The binutils portion of the GNU toolchain includes a simulation environment simply referred to as the Simulator. Often times it might also be referred to as the GDB simulator due to the nice integration it has with GDB.
Different architectures have very different feature sets, so here we'll focus on the Blackfin feature set. Currently, it supports:
The performance of the simulator depends on what type of Blackfin instructions you are running, and how fast your host processor is. For example, on a 1.83 GHz Intel processor (unfortunately, since the simulator is single threaded, it can not take advantage of multi-core hosts).
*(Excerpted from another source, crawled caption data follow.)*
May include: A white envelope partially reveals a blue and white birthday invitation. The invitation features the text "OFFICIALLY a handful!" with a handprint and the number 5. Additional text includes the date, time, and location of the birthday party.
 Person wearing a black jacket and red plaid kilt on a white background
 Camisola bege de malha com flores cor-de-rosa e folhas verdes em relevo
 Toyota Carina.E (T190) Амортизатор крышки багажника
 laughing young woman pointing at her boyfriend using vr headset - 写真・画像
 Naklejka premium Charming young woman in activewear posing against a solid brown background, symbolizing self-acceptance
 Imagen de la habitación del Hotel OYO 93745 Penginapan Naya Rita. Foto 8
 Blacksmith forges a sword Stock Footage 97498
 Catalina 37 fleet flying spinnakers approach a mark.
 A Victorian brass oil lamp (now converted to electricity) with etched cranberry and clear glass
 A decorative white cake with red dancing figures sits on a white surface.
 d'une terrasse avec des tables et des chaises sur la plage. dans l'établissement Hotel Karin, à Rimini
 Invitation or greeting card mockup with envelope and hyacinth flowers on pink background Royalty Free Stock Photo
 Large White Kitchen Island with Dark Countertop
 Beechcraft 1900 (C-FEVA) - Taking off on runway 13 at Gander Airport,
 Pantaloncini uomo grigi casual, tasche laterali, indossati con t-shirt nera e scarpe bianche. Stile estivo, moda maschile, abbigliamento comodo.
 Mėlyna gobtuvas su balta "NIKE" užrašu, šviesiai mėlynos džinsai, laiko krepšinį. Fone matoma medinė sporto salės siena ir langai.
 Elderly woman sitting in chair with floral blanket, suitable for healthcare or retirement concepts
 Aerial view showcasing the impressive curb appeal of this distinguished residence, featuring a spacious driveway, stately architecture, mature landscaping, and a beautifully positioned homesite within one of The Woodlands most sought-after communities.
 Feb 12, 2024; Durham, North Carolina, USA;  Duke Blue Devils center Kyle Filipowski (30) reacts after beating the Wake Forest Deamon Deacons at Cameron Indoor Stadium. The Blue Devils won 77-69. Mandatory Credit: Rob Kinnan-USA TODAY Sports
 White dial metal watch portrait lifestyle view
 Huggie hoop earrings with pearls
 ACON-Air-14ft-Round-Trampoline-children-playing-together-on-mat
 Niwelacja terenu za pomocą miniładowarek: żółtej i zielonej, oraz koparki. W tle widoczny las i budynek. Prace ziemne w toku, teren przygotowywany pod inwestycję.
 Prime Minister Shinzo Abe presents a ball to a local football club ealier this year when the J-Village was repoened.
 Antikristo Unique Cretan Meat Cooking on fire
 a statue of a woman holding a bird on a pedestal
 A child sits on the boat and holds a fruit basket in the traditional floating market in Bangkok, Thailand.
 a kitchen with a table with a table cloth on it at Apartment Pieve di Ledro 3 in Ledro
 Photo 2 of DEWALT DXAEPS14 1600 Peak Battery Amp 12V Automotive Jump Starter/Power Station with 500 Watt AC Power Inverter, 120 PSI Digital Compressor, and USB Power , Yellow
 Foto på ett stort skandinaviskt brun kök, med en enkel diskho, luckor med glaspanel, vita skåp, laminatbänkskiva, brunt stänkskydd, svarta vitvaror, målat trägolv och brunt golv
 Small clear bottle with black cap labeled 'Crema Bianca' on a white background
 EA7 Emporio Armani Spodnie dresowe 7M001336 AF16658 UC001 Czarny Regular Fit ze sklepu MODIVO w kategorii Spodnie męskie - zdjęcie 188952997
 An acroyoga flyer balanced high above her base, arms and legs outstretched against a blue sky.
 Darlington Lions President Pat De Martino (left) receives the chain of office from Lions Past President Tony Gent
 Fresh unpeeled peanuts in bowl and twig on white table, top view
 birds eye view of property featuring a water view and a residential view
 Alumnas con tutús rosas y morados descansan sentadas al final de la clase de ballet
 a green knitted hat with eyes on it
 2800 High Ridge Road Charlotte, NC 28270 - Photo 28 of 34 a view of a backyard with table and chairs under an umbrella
$ bfin-elf-run -v --env user ./user/mp3play/mp3play.gdb -w out.raw in.mp3 run ./user/mp3play/mp3play.gdb bfin-sim: unimplemented syscall 97 in.mp3: MPEG1-III (121238 ms) bfin-sim: unimplemented syscall 78 bfin-sim: unimplemented syscall 78 Simulator Execution Speed Total instructions: 2,583,456,559 Total execution time : 929.75 seconds Simulator speed: 2,778,657 insns/second
We can see on this host, and this application - about 3MIPs.
The simulator has different environment modes. This is controlled by the --environment sim option. You should also pick a CPU model via the --model sim option.
The simulator may be used directly via the run program, or via the GDB sim target.
Options to the simulator must come before the program. Any options after the program are interpreted as arguments to the program itself. Running something like the following will execute the Blackfin program ls with the --help option. It will not pass the --help option to the bfin-elf-run program itself!
$ bfin-elf-run ./ls --help
This example will pass --help to the bfin-elf-run program and not the Blackfin ls program.
$ bfin-elf-run --help ./ls
Only basic Linux userspace support exists in the simulator. Enough syscalls are supported to do basic I/O (stdin/out) and file I/O, but don't expect too much. For FLAT binaries, you must run the statically linked FLAT .gdb ELF file (rather than the raw FLAT file itself). Static FDPIC ELF binaries work fine, but dynamic FDPIC ELF binaries require you to pass the --sysroot option (set it to the bfin-linux-uclibc/runtime/ subdir in the toolchain).
For example, the flat application mp3play:
$ bfin-elf-run --env user ./user/mp3play/mp3play.gdb -w output.raw input.mp3 run ./user/mp3play/mp3play.gdb bfin-sim: unimplemented syscall 97 /nfs_export/mp3/fpm-calm-river.mp3: MPEG1-III (121238 ms) bfin-sim: unimplemented syscall 78 bfin-sim: unimplemented syscall 78 $The files
output.raw and input.mp3 will be in the current host directory.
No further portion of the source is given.